The “Félix Varela” Fellowship Award for Latinos seeking a career in media is a nation-wide competition to bring to Philadelphia the most competent graduates from school of media and journalism throughout the United States.
The prizes are presented by the AL DÍA Foundation in an annual Gala in Philadelphia.
The award was established to honor the memory of Father Félix Varela y Morales, an American intellectual of Latino origin who founded one of the first Spanish-language newspapers in the United States, in the city of Philadelphia, at the beginning of the 19th Century.
The Varela Awards will be offered in a competition among recent U.S. Journalism School graduates from any J-School located in any of 50 States, who articulate compelling reasons to receive a one-year fellowship from the AL DIA Foundation.
WHO WAS FÉLIX VARELA?
- A Catholic priest born in Cuba in 1788 who lived most of his life in the US. He came to Philadelphia, PA, in 1824.

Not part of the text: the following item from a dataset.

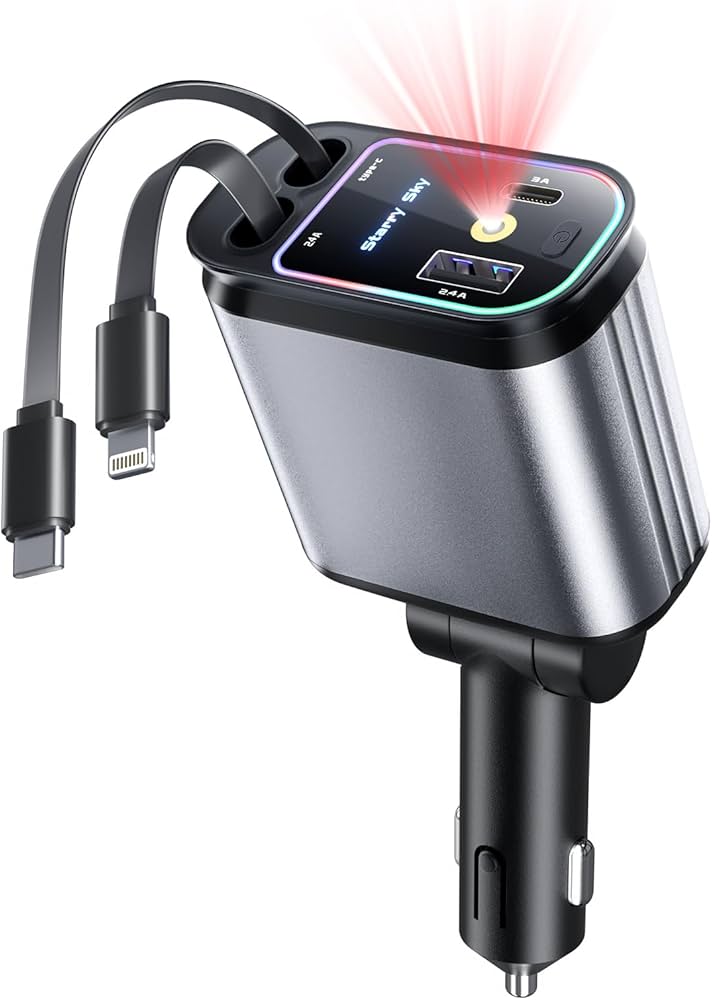 4 in 1 Fast Car Charger with LED Ambient Light, Dual USB Car Charger with starlight | Adnan Tech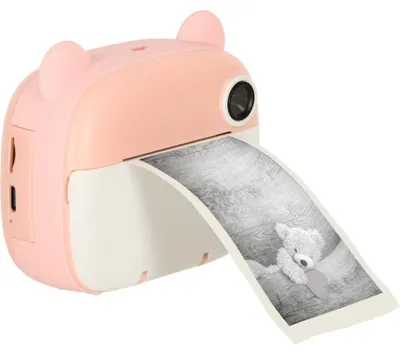 Image de Appareil photo instantané pour enfants ours en peluche rose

- Varela y Morales became that year in this city the founder of “El Habanero”, the first of several newspapers he published in the US.
- “El Habanero” saw the light in Old City Philadelphia, the cradle of our Democracy and the Free Press.
- Father Varela was also a prolific writer and the author of multiple essays on cooperation between the English and Spanish-speaking communities.
- Father Varela translated into Spanish important English-language books, including Thomas Jefferson’s “Manual of Parliamentary Practice.”
- In 1997 the United States Postal Service honored Varela by issuing a commemorative stamp.